La tutela del patrimonio culturale è un valore riconosciuto dalla Costituzione italiana, che all’art. 9 recita: “La repubblica promuove lo sviluppo della cultura e la ricerca scientifica e tecnica. Tutela il paesaggio e il patrimonio storico e artistico della Nazione”.

Il D. Lgs. n. 42/2004 (art. 10) definisce Beni Culturali “le cose immobili e mobili appartenenti allo Stato, alle regioni, agli altri Enti pubblici territoriali, nonchè ad ogni altro ente ed istituto pubblico e a persone giuridiche private senza fine di lucro, che presentano interesse artistico, storico, archeologico o etnoantropologico”.

Con l’entrata in vigore del Codice, sono state introdotte rilevanti novità rispetto alla disciplina previgente; in particolare, riguardo l’individuazione dei beni sottoposti a tutela, sono stati stabiliti specifici criteri per l’identificazione ed il riconoscimento dei beni facenti parte del patrimonio culturale, con distinzione tra cose appartenenti a soggetti pubblici e a soggetti privati; alla  tutela è stata affiancata la nozione di valorizzazione del patrimonio culturale, ed è stata razionalizzata la materia dei controlli sui lavori aventi ad oggetto beni culturali.
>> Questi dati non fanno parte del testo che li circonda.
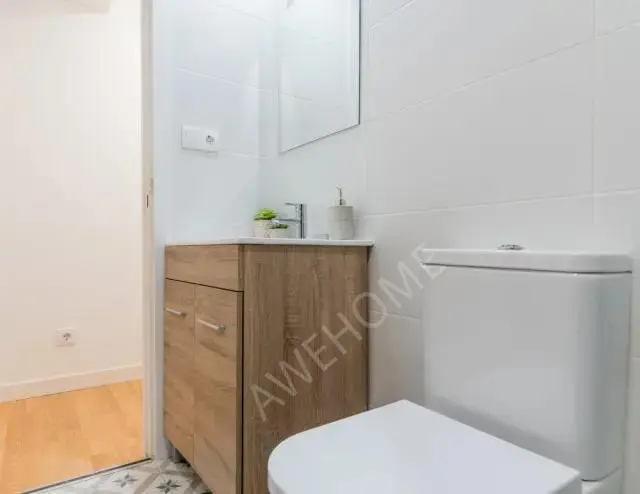 馬德里租房apartment in Fuente del Berro (Salamanca)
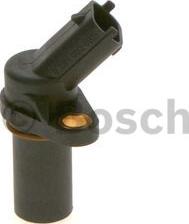 BOSCH 0 281 002 662 - Sensor, crankshaft pulse onlydrive.pro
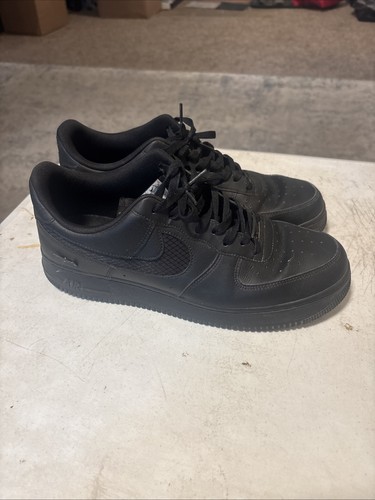 Scarpe nike air force - scarpe,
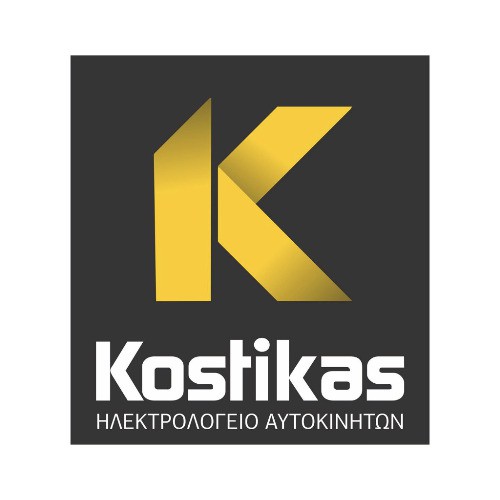 Kostikas Car Services Ε.Ε.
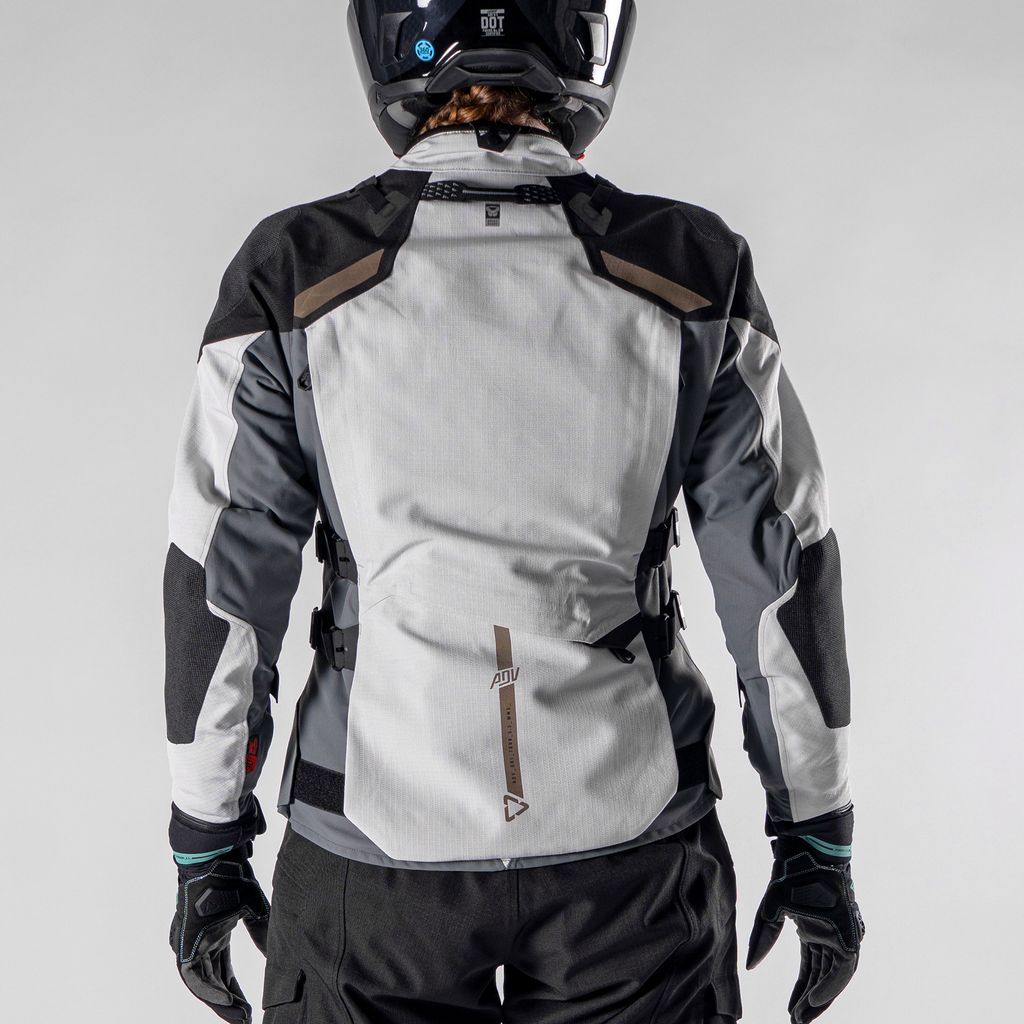 Leatt Adventure DriTour 5.5 Jacket for Women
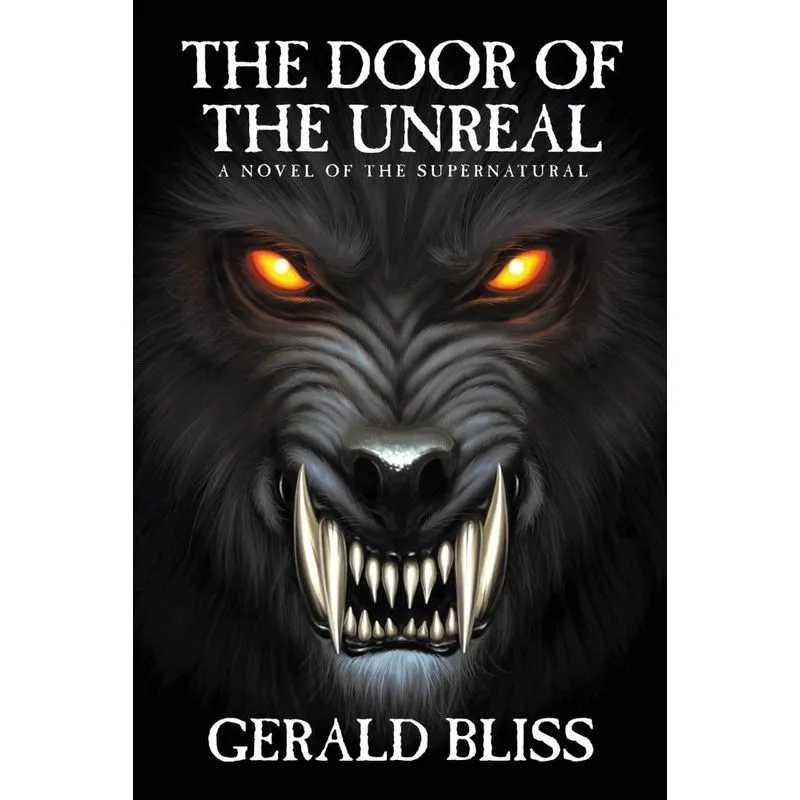 The Door of the Unreal
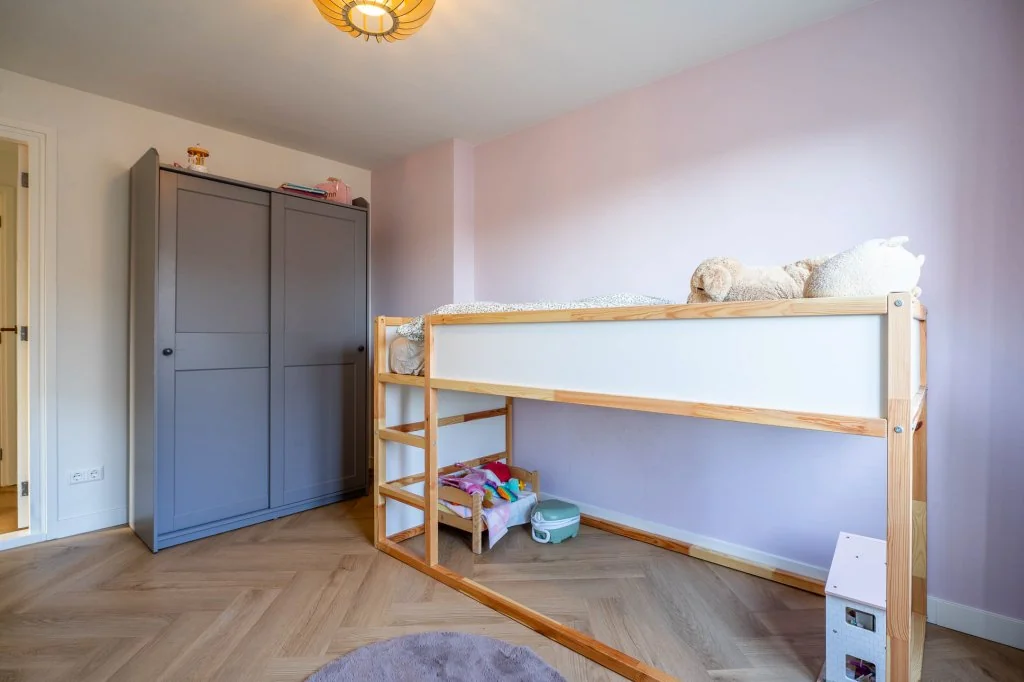 Foto van de Appartement gelegen aan de Beemd in Bavel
I Beni Culturali sono sottoposti dal Codice ad una specifica disciplina di tutela esercitata sulla base di una adeguata attività conoscitiva, attraverso specifiche attività volte a garantire la protezione e la conservazione de patrimonio culturale al fine di assicurarne il godimento alla collettività e la trasmissione alle generazioni future. Non possono essere distrutti, danneggiati o adibiti ad usi non compatibili con il loro carattere storico-artistico o tali da recare pregiudizio alla loro conservazione. L’esercizio della tutela si svolge attraverso una serie di attività di tipo tecnico e amministrativo volte a regolare diritti e comportamenti.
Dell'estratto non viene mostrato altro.